Stammzellen sind en vogue. Lange Zeit unterschätzt, eröffnet sich erst seit einigen Jahren ihr ungeheures Potential. Jetzt fand eine italienische Arbeitsgruppe, dass offenbar der bloße Kontakt ausreicht, damit Stammzellen zu Muskelzellen werden. Und was im Reagenzglas gelang, funktionierte auch im lebenden Organismus.
Die rasante Entwicklung in der Erforschung von Stammzellen hat es ja schon ahnen lassen: Mit den Stammzellen verfügen wir über einen körpereigenen Rohstoff, mit dem sich bald vielleicht jeder Schaden beheben lässt. Die Zucht beliebigen Gewebes scheint in greifbare Nähe gerückt. Italienischen Wissenschaftlern gelang es nun, neurale Stammzellen zu Muskelfasern heranwachsen zu lassen – indem sie einfach beide Zelltypen in einer Nährlösung vereinten.

Neurale Stammzellen finden sich im Stammhirn und entwickeln sich normalerweise zu Nervenzellen und anderem Hirngewebe.
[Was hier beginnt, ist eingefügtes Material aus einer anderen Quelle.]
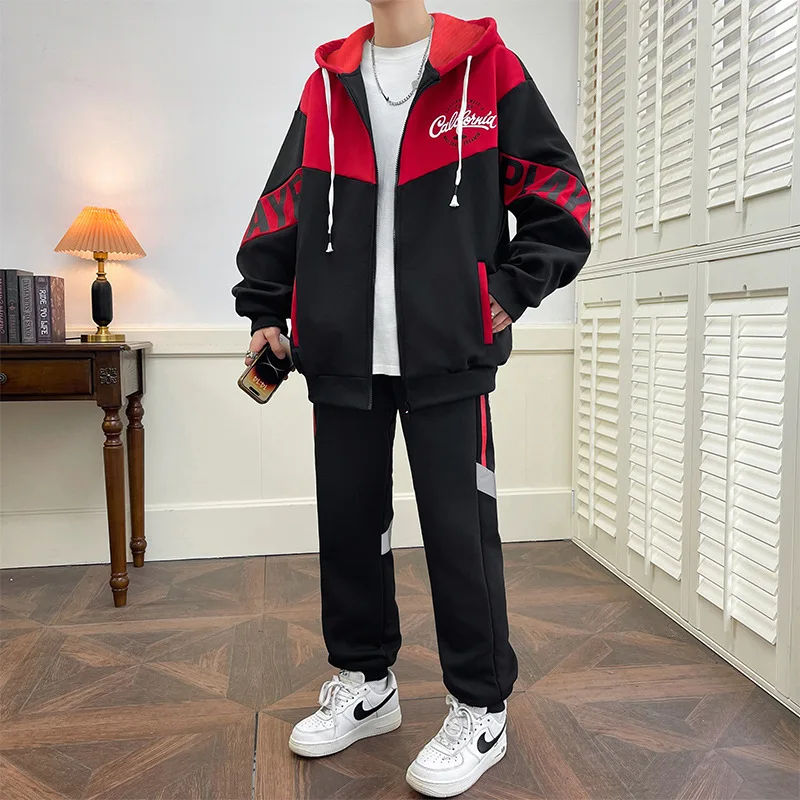 Vielseitiger, trendiger zweiteiliger Trainingsanzug für Herren mit Kapuze, lockerer Passform, langärmligem Sweatshirt, Jogginghose mit Kordelzug, Schuluniform, Alltagskleidung – Detail 4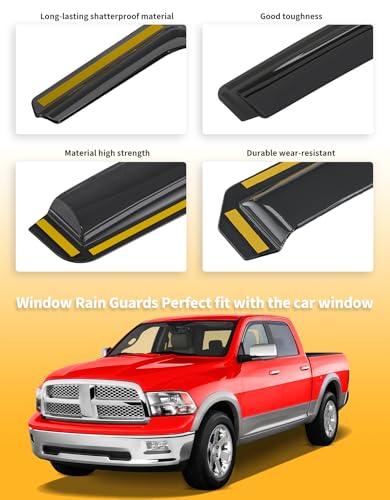 Rain Guards for Dodge Ram 1500 Crew Cab 2009 (Fit for 2009-2026 RAM Crew Cab Mega Cab)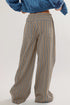 Striped Tie Waist Button Pocket Wide Leg Pants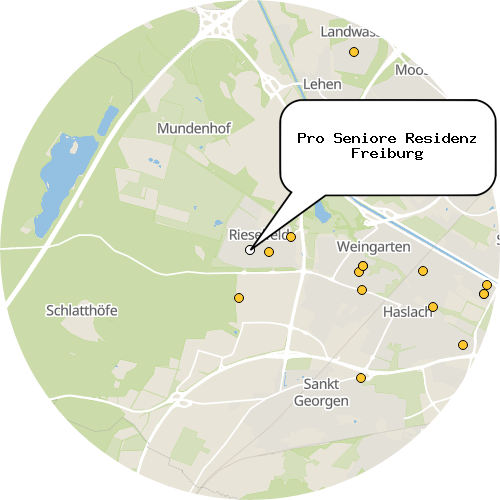 Kartenausschnitt für die Firma Pro Seniore Residenz Freiburg
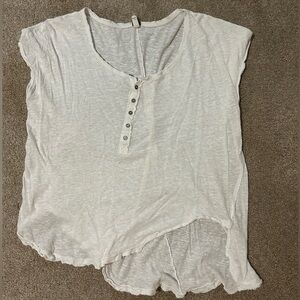 Medium White free people asymmetrical shirt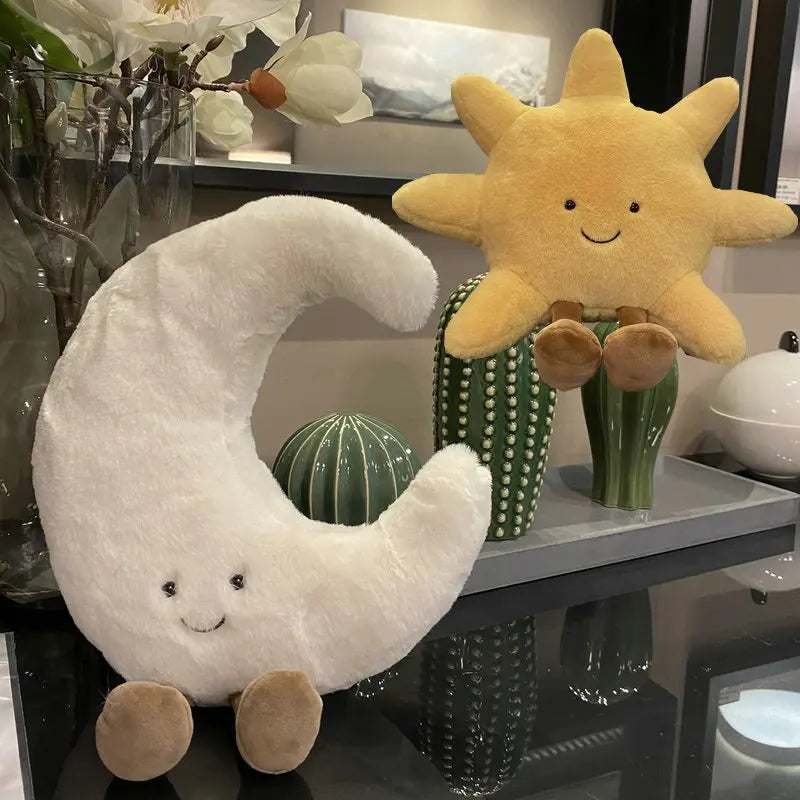 White Moon & Yellow Sun Plushie Pillow
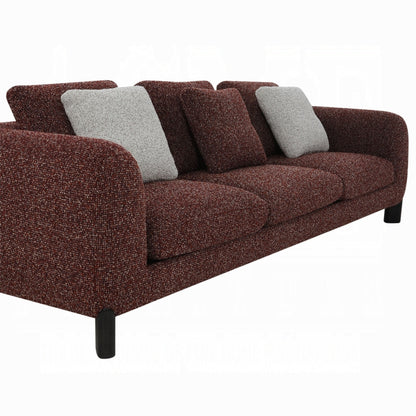 Divano Meru con 3 cuscini decorativi, tessuto tweed rosso bordeaux, 109 pollici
Die Forschungen der letzten beiden Jahre zeigten bereits, dass sich die zukünftige Entwicklung von Stammzellen sehr viel variabler gestaltet, als ursprünglich angenommen. Und schon bald entstanden aus ihnen Herz-, Leber- und sogar Blutzellen. Angelo Vescovi vom Ospedale San Raffaele in Mailand und Giulio Cossu vom Dipartimento di Istologia e Embriologia Medica der Università degli Studî di Roma "La Sapienza" fanden nun heraus, dass offenbar der bloße Kontakt mit bestimmten anderen Zellen ausreicht, damit sich die Stammzellen differenzieren (Nature Neuroscience vom Oktober 2000).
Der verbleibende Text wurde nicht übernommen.